Many, many times in my churchgoing life, when I or someone else was unable to attend church on Sunday, we’d ask those who did attend questions relating to what we missed. “How was the sermon?” we’d typically ask first, and close behind that question was “How was worship?” Of course, the best answers would be “Oh, the pastor hit it out of the ball park, and worship was awesome! I left church higher than a kite! God is good!”
God IS good, and relishing His goodness and kindness to His creatures is certainly part of what it means to worship Him. But after reading and pondering the following passage in Isaiah, I’m developing a different perspective:
In the year that King Uzziah died I saw the Lord sitting upon a throne, high and lifted up; and the train of his robe filled the temple. Above him stood the seraphim. Each had six wings: with two he covered his face, and with two he covered his feet, and with two he flew. And one called to another and said:
“Holy, holy, holy is the LORD of hosts;
the whole earth is full of his glory!”
And the foundations of the thresholds shook at the voice of him who called, and the house was filled with smoke. And I said: “Woe is me! For I am lost; for I am a man of unclean lips, and I dwell in the midst of a people of unclean lips; for my eyes have seen the King, the LORD of hosts!”

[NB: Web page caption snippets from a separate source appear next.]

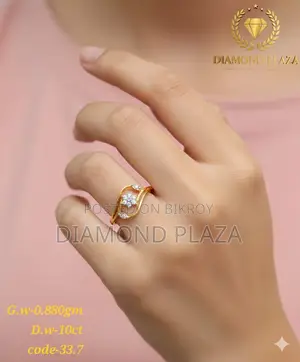 Diamond Ring
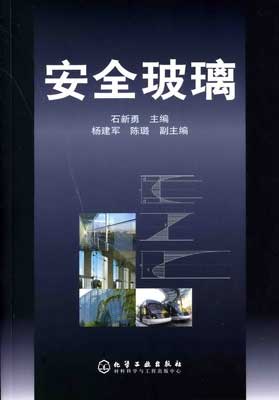 安全玻璃封面 安全玻璃封面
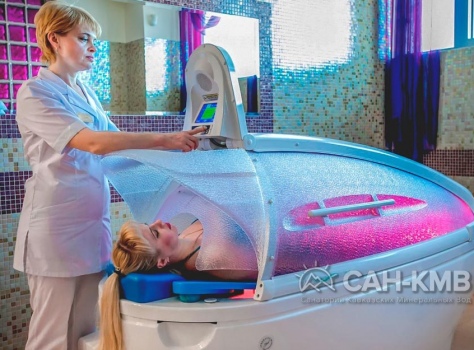 Санаторий «Заря» 4* Кисловодск - 79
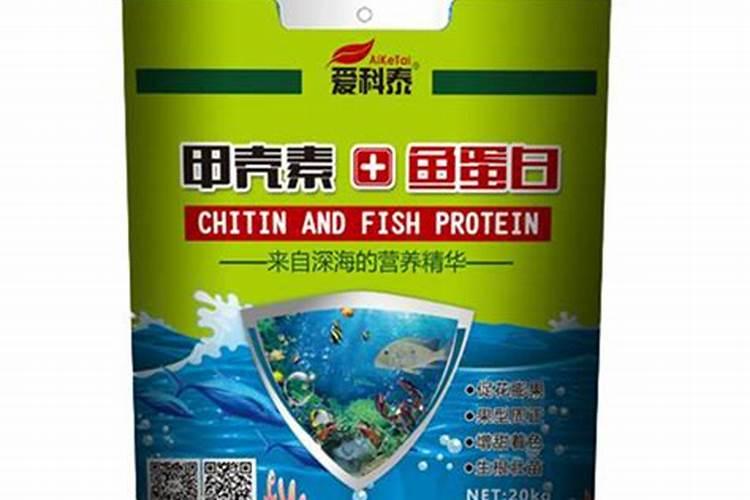 甲壳素水溶肥料山东金亿丰农化有限公司甲壳素价格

Then one of the seraphim flew to me, having in his hand a burning coal that he had taken with tongs from the altar. And he touched my mouth and said: “Behold, this has touched your lips; your guilt is taken away, and your sin atoned for.”
And I heard the voice of the Lord saying, “Whom shall I send, and who will go for us?” Then I said, “Here I am! Send me.”
(Isaiah 6:1-8 ESV)
What a scene! I look forward to the day in eternity when, by God’s grace, I might have the immense privilege of being in the presence of the Almighty God. But consider Isaiah’s first response upon seeing the Lord, observing the angels and hearing their proclamations of God’s holiness, feeling the quaking of the foundations and seeing the smoke. He cried “Woe is me for I am lost and my lips are unclean!” Isaiah probably had the cleanest lips of anyone living in the land at the time. He was a prophet and a righteous man. Yet his reaction to the glorious scene was one of self abasement, terror, and intense feelings of unworthiness.
Of course, the story turns positive from there because Isaiah’s repentance results in cleansing and a commission to speak for God.
The first automatic reaction to a full sense of God’s holiness will be intense feelings of unworthiness. It will be unavoidable. God is holy. God is the ultimate righteous standard of what is true, good, and perfect. God doesn’t simply adhere to a standard…He IS the standard! Atheists like Richard Dawson reject God because they see Him, in the pages of the Old Testament, not adhering to their own inadequate standards of fairness. They have created an idol God based on humanistic understandings of the way things should be, and they do not see the God of the Old Testament lining up to their expectations. Dawson and everyone who has ever lived will, some day, stand before the judgment seat…no we will bow our knees before the Almighty God:
By myself I have sworn;
from my mouth has gone out in righteousness
a word that shall not return:
‘To me every knee shall bow,
every tongue shall swear allegiance.’
(Isaiah 45:23 ESV)
It will be a pitiful scene for anyone who tries, at that time, to explain to the Holy God why He was unjust in history.
So, if we truly encounter God in our times of worship, our first inclination will be to repent for our unworthiness in the light of His holiness. We won’t feel good about ourselves at that moment. John MacArthur explains:
The response of a true worshiper to a vision of God should resemble Isaiah’s. We should be overwhelmed with our own sinfulness and consequently consumed with a sense of holy terror. I am certain that if the people today who claim to have seen God really saw Him, they wouldn’t be lining up to get on the latest Christian talk show; they’d be lying prostrate on the ground, grieving over their sin.
But, because of Christ’s sacrifice on the cross where He died in our place, we can be forgiven…when we are truly at the end of ourselves and no longer trusting in our own self-righteousness.
“Blessed are those whose lawless deeds are forgiven,
and whose sins are covered;
blessed is the man against whom the Lord will not count his sin.”
(Romans 4:7-8 ESV)
May God, in His amazing grace, grant us the full realization of our sinfulness so we can repent from our lawless deeds and receive His forgiveness.